Microsoft 365 Universal Print is a cloud-based service that provides organizations with a simple and secure print infrastructure that is easy for end-users and requires minimum time and effort for IT departments. It is designed to help organizations move away from managing local print servers to a more flexible cloud-based infrastructure that works for today’s distributed workforce.
Universal Print eliminates the need to install printer drivers because the experience is based on the Internet Print Protocol (IPP) standard that’s built-in to Windows 10. Universal Print works with on-premises printers and devices outside of an organization, and with zero-trust networks when users are authenticated via single sign-on (SSO) to Azure Active Directory (AD).
According to Microsoft’s recent announcement, there’s a series of benefits for IT departments as well, including:
While Hybrid Cloud Print lets Windows 10 devices joined to Azure AD access on-premises printers, it’s a complex solution that requires several different components, including Azure AD Application Proxy, new Internet Information Services (IIS) service endpoints, a dedicated connector server, and a dedicated print server. But when compatible printers come to market, Universal Print won’t require any on-premises infrastructure.
For more information on the differences between Universal Print and Hybrid Cloud Print, see How Does Microsoft 365 Universal Print Work? on Petri.
Users will be able to access printers in Windows in the same way as printers shared by Windows Server. Universal Print is secured using HTTPS and it doesn’t require any ports to be open inbound on Windows 10 clients. Registered printers are represented as objects in Azure AD and they are backed by X.509 certificates.
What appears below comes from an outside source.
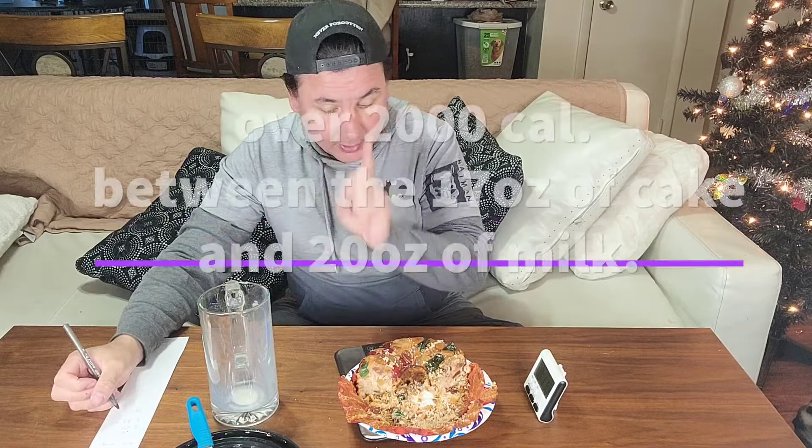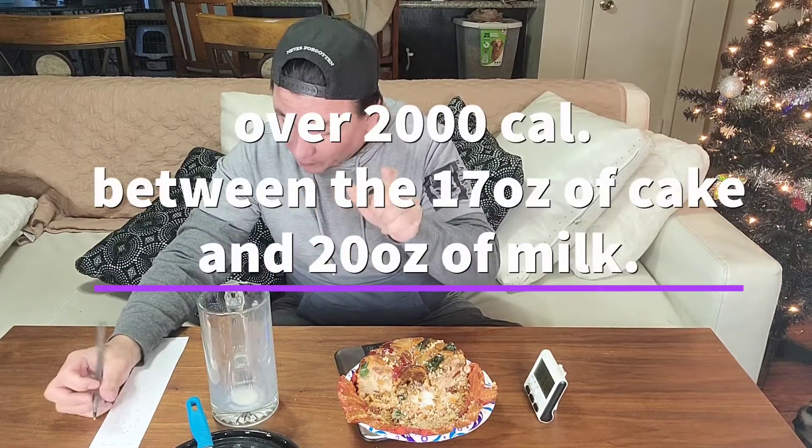I'm done. I can keep going, I just don't want to. We got 15 ounces — 0.7 minus 0.4 for the plate. We got 15.3 ounces. So I did just over a pound.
Currently, there is a basic set of reports available to administrators. But Microsoft says it is possible to download a raw data stream of completed print jobs using the Microsoft Graph API for creating custom reports.
Universal Print will only be available to customers with certain Microsoft 365 subscriptions. July 2020 saw the rollout of the public preview to Microsoft 365 E5/A5 customers. This month should see the preview made available to customers with Microsoft 365 E3/A3 subscriptions. Windows 10 Enterprise E3/E5 and Windows 10 Education A3/A5 should see the preview this month also. And finally, Microsoft 365 Business Premium/F3 are expected to get access sometime in September 2020.
Microsoft says that the public preview is a fully supported service, but it won’t be available to those using trial Microsoft 365 subscriptions. Partners, like Canon, Brother, HP, and Lexmark, are promising to support Universal Print on new devices and potentially with updates to firmware on existing printers. In the meantime, printers can be connected to Universal Print using a connector application installed on any Windows 10 device or Windows print server.
Microsoft says that it hopes to support non-Windows mobile devices with Universal Print at some point in the future. Mac support might also be coming. Microsoft is working with its partners to provide security protections, like requiring a PIN. And an announcement about PowerShell support is expected soon.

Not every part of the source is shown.